Regarding the three-step approach to the "foundation," Zakk presented a more engineering-oriented path at the event: The first step is to solidify the technology and ensure long-term sustainable performance; the second step is to "lay the groundwork" with infrastructure such as Swap and DeFi, so that users are willing to put real money into on-chain interactions; the third step is to form a combination of measures around payment infrastructure (cards, Pay, etc.), so that the resources of wallets, DApps, payments, and the chain can work together in parallel.
According to the official description of the upgraded performance, X Layer can achieve 5,000 TPS, a block time of about 400ms, and near-zero transaction costs after the PP upgrade.
What truly energized the audience was the question of "how to get the ecosystem running." During the Q&A session, Zakk, addressing community questions about the Meme ecosystem and the implementation of support funds, offered a longer-term solution: rather than relying on constant hype to create short-term buzz, it's more important to build a sufficiently large project pool and incubation mechanism, allowing the ecosystem to naturally flourish, much like the "AI Season" of the past. Demo Days will be held in the future, and funding support will be implemented more transparently after projects and products are evaluated by the community. He also explicitly welcomed more niche applications to grow on the X Layer: from Perp DEX and prediction markets to RWA, stablecoins, payments, and AI, the potential extends far beyond just "trading infrastructure."
Towards a new cycle of getting hundreds of millions of users to "use" it
At the event, Zakk cited the "trillion-dollar scale of stablecoins" as a significant milestone. His assessment wasn't based on a single factor, but rather on the rising infrastructure status of stablecoins within the global financial system. As stablecoins gradually become a universal medium for cross-border payments, on-chain transactions, and value settlement, their more universal, lower-barrier-to-entry, and secure/recoverable nature is becoming crucial for meeting real-world demand.

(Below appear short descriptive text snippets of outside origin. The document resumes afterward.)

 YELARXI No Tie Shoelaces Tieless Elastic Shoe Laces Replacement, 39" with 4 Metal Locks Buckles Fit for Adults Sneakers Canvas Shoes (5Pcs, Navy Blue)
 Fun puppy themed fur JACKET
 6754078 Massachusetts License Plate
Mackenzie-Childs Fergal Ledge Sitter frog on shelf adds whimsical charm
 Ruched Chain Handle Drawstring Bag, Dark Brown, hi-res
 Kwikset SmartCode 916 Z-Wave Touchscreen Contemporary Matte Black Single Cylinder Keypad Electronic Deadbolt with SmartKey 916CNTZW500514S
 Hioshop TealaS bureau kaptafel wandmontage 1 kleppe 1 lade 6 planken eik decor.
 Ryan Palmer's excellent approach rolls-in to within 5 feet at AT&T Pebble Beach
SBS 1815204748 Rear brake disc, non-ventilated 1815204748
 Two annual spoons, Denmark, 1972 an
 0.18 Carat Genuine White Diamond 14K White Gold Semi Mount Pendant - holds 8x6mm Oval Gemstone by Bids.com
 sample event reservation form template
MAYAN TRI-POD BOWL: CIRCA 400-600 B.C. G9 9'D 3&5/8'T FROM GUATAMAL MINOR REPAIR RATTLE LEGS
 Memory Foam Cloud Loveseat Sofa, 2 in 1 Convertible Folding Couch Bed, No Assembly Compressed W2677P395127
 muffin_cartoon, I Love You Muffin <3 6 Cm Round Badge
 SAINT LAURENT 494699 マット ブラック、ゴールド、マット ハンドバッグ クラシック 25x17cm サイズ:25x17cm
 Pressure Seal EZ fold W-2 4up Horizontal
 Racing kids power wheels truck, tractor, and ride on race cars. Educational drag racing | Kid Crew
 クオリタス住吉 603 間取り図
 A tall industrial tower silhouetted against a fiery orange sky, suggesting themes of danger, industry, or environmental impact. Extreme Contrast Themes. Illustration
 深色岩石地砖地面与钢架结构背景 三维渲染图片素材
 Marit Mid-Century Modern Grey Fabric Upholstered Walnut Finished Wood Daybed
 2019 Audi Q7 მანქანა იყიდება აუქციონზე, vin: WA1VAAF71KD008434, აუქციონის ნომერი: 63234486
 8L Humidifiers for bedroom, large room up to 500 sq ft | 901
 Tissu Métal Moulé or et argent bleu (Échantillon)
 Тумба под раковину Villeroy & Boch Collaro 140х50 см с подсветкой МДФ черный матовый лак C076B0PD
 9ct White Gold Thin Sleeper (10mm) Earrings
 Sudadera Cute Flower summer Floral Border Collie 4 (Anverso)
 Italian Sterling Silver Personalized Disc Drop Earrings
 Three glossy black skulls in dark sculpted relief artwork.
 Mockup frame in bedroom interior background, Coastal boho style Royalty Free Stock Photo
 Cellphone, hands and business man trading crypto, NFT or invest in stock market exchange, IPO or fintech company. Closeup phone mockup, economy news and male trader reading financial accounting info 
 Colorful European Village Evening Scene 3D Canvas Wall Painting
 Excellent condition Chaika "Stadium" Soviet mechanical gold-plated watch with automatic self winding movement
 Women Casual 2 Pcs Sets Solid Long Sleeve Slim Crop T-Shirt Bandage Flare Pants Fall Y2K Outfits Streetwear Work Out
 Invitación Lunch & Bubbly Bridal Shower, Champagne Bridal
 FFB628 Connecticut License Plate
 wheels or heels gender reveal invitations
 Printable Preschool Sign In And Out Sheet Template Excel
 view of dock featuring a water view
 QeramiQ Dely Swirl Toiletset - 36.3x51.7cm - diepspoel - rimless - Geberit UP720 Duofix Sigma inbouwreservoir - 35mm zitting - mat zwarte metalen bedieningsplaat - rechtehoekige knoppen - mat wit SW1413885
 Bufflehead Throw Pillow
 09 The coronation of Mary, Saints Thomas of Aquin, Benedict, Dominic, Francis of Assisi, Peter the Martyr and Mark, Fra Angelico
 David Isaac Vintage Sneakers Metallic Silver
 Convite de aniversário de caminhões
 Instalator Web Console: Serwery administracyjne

For global crypto ecosystem builders and participants, what truly matters is the ability to continuously advance technology, products, and the ecosystem together: security must be able to withstand real-world on-chain risks, the user experience must be able to attract more new users, and the ecosystem must provide builders with space, a platform, and definite incentive mechanisms to participate. OKX will continue to invite users, developers, and ecosystem partners to work together in an open and pragmatic manner to push Web3 from "usable" to "easy to use, frequently used, and accessible to everyone."